• _Your goal_
Without including any image, retype the records word for word.

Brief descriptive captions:
==================================================

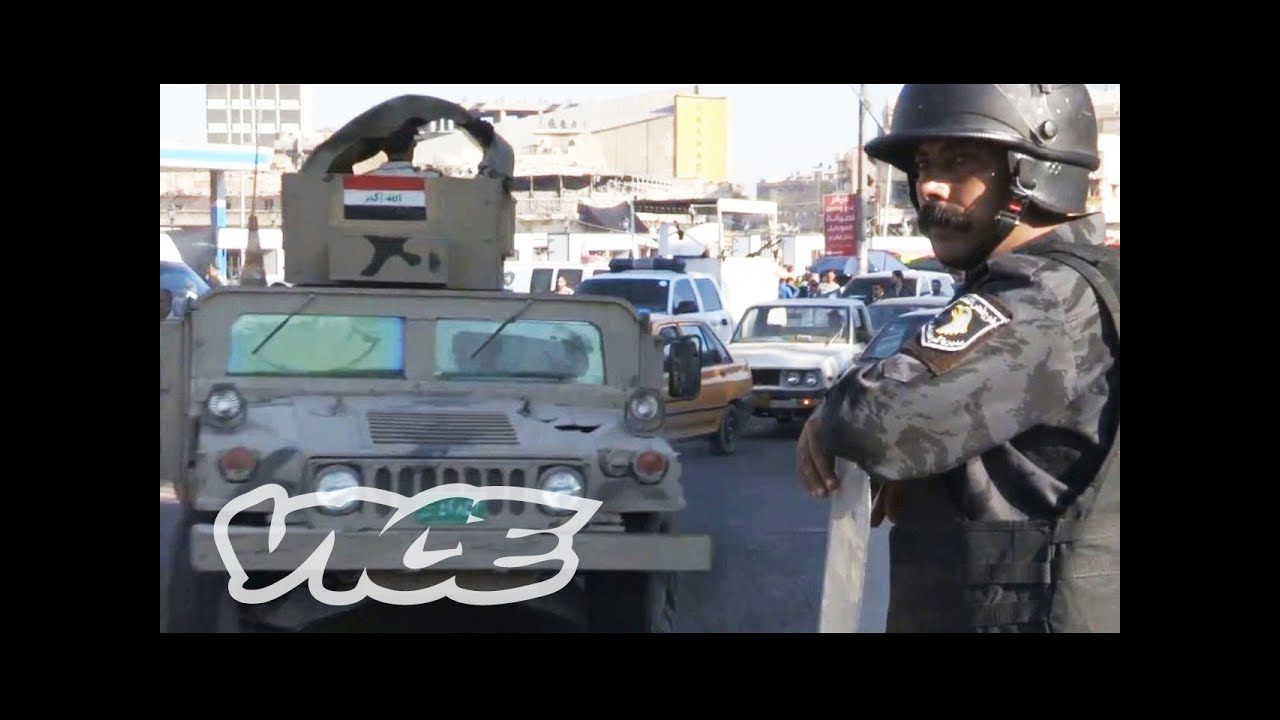 In Saddam’s Shadow: 10 Years After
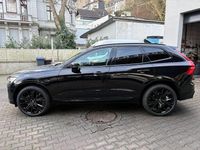 Gebraucht Volvo XC60 Plus 250 PS (183 kW) 2025 Schwarz SUV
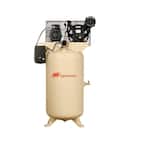 Type 30 Reciprocating 80 Gal. 5 HP Electric 230-Volt 3 Phase Air Compressor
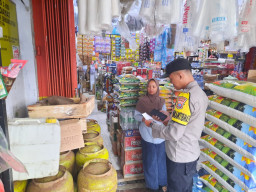Kelangkaan LPG 3 Kg Kian Parah, Polisi Turun Tangan! Distribusi Diduga Tersendat dan Tak Tepat Sasaran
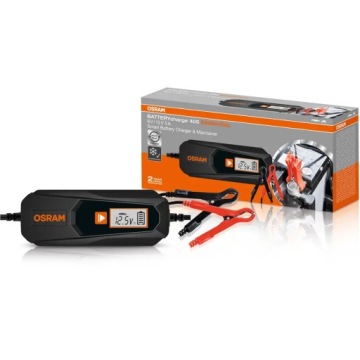 Osram Usměrňovač Nabíječka do auta Automobilová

==================================================

• _Answer to the problem_
 In Saddam’s Shadow: 10 Years After
 Gebraucht Volvo XC60 Plus 250 PS (183 kW) 2025 Schwarz SUV
 Type 30 Reciprocating 80 Gal. 5 HP Electric 230-Volt 3 Phase Air Compressor
Kelangkaan LPG 3 Kg Kian Parah, Polisi Turun Tangan! Distribusi Diduga Tersendat dan Tak Tepat Sasaran
 Osram Usměrňovač Nabíječka do auta Automobilová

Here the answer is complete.